The total voltage of the two batteries
will therefore be found by subtracting.
- What is the current flowing in the circuit?
- First find the effective battery:
6.0V - 1.5V = 4.5V, since the batteries are in series and oppositely directed.
- Next find the effective resistance:
50ohm + 25ohm = 75ohm, since the resistors are in series.
- Finally, the current flowing can be found from Ohm's law:
I = V/R = (4.5V)/(75ohm) = 0.060A
- What is the voltage across the 50 ohm resistor?
- From Ohm's law:
V = IR = (0.060A)(50ohm) = 3.0V
- Additionally, the voltage across the 25 ohm resistor is:
V = IR = (0.060A)(25ohm) = 1.5V
- The sum of voltages is 4.5V as it must be
-- answer checks.
- What is the power dissipated by the 25 ohm resistor?
- Using P=I^2 R:
P = (0.060A)^2 x 25ohm = 0.090W
- Or using P=IV and the result from part 2:
P = (0.060A)(1.5V) = 0.090W
- Additionally the power dissipated by the 50 ohm resistor is
P = (0.060A)(3.0V) = 0.18W, twice that of the 25 ohm resistor.
- For a total power dissipation by the resistors of
0.090W + 0.18W = 0.27W
- What is the power delivered by the 6.0 V battery?
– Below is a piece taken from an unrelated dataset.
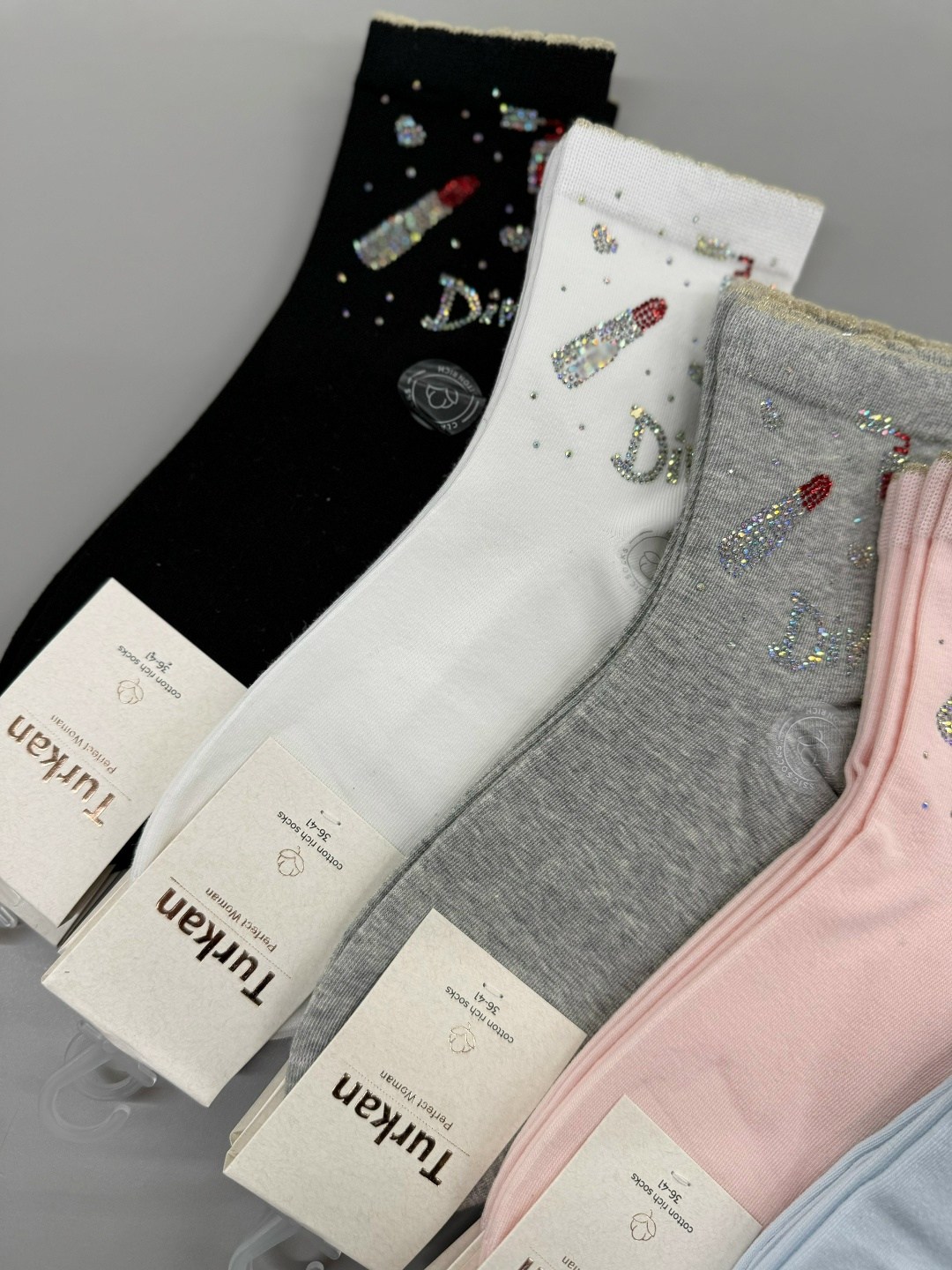 носки женские,комплект носки женские,носки женские набор,носки розовые,носки женские
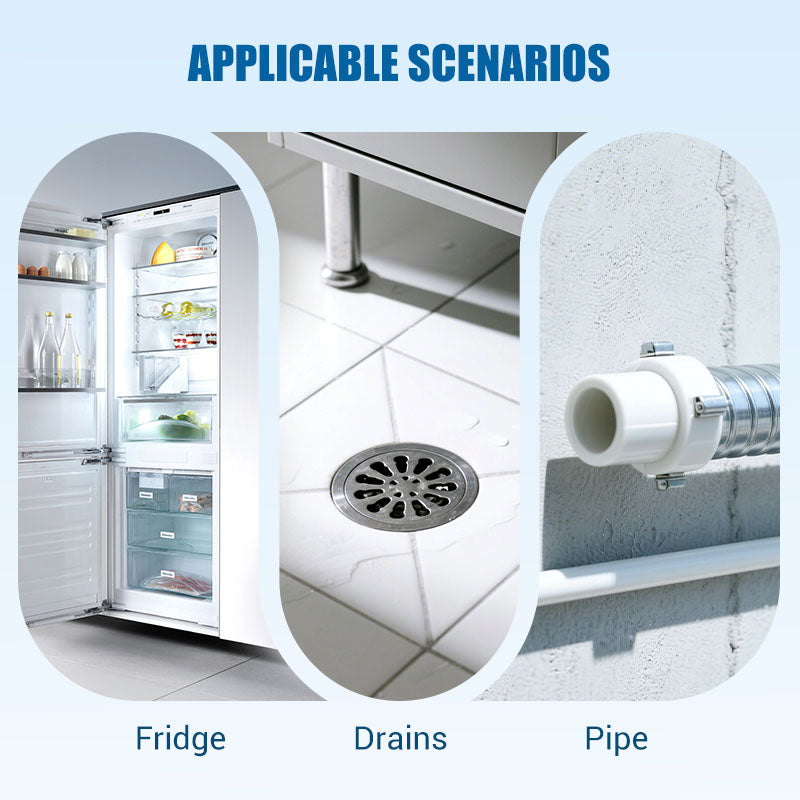 🔥Refrigerator Drain Hole Clog Remover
- Using P=IV for the battery:
P = (0.060A)(6.0V)=0.36W
- Where is the missing 0.09W?
(Power provided by 6.0V battery) - (total power dissipated by resistors)
- Current is being pushed the "opposite" way through the 1.5V battery
-- it is being "charged" (absorbing power from the circuit)
-- rather than discharging (providing power to the circuit).
P = IV = (0.060A)(1.5V) = 0.090W, the difference!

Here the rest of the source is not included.